Voyez-vous, l’ordre et l’équilibre naturel de nos saisons est en plein dysfonctionnement. Nous n’avons plus de repères pour nos grandes et petites saisons de pluie et saisons sèches. Nul ne peut dire aujourd’hui à quel moment commence ou finit telle ou telle saison. Tout cela à cause de plusieurs facteurs, comme les coupe de bois anarchiques effectuées chez nous depuis plus d’un siècle. Il fallait que nous venions pour dire à ceux qui causent ces désordres de régler ces problèmes.

Comment se traduisent concrètement ces déséquilibres écologiques dans la vie des populations de votre canton?
C’est simple, dans mon canton, on voit des grumiers passer tous les jours, avec de grosses billes de bois et pas n’importe quel bois, des essences rares, du bois précieux qui disparaît complètement. Aucune contre partie. Rien n’est replanté et les populations locales ne bénéficient de rien, elles s’enfoncent dans la pauvreté. Aucune compensation : pas de routes construites pas d’écoles ou de centre de soins qui sont souvent promis. Nous avons l’impression et même la conviction que nous sommes trompés comme cela a toujours été le cas.

On nous renvoie à la commune, à la préfecture…qui ne maîtrisent souvent pas grand-chose. Quant à l’administration des forêts, on a l’impression qu’ils sont complices.

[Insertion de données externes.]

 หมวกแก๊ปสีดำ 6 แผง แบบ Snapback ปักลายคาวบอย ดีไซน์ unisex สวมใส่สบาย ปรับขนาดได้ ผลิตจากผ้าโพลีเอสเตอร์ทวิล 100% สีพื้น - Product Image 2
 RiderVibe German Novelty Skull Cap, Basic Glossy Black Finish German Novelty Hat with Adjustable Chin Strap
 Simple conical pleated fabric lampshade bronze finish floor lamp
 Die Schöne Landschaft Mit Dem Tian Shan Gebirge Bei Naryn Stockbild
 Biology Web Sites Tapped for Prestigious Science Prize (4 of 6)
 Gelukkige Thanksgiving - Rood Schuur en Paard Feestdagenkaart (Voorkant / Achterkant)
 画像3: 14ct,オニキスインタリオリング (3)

Nous avons pourtant des textes juridiques qui prévoient que lorsqu’un arbre est coupé, il faut le remplacer, mais cela n’a jamais été le cas.

Il y a aussi certaines mesures qui sont prises pour protéger des espèces en voie de disparition comme les pangolins, ne plus faire de l’agriculture sur brûlis, ne plus cultiver le palmier à huile….Est ce que les autochtones dont c’est le mode de vie se sentent responsables de ce déséquilibre et dysfonctionnement climatique?
Ces mesures qui empêchent les populations locales de chasser certaines espèces en voie de disparition sont appréciées à leur juste valeur, sauf que nous nous vivons essentiellement de chasse de pêche et de cueillette. Il n’est pas normal qu’on puisse nous empêcher d’avoir notre mode de vie.

C’est délicat car tant que la brousse et la forêt existeront, les autochtones continueront à vivre de chasse de cueillette et de pêche.

C’est la fin de l’année, vous rentrez en fin de semaine au Cameroun. Le Cameroun et la France vivent ces derniers temps de terribles moments d’attentats terroristes quel sont vos v ux pour l’année 2016 qui commence bientôt?
Vous savez, rien de bon ne peut se faire sans la paix. Nous parlons de développement, nous parlons d’émergence, nous ne pouvons les atteindre si nous ne vivons en paix. Le v u est que toutes les populations se mobilisent afin d’éloigner cet ennemi commun qui s’appelle le terroriste. Boko Haram au Cameroun, d’autres formes ici en France, ils sont des criminels. Que tout le monde reste vigilent et collabore avec les forces de l’ordre afin que règne la paix. Bonnes fêtes de fin d’année à tous.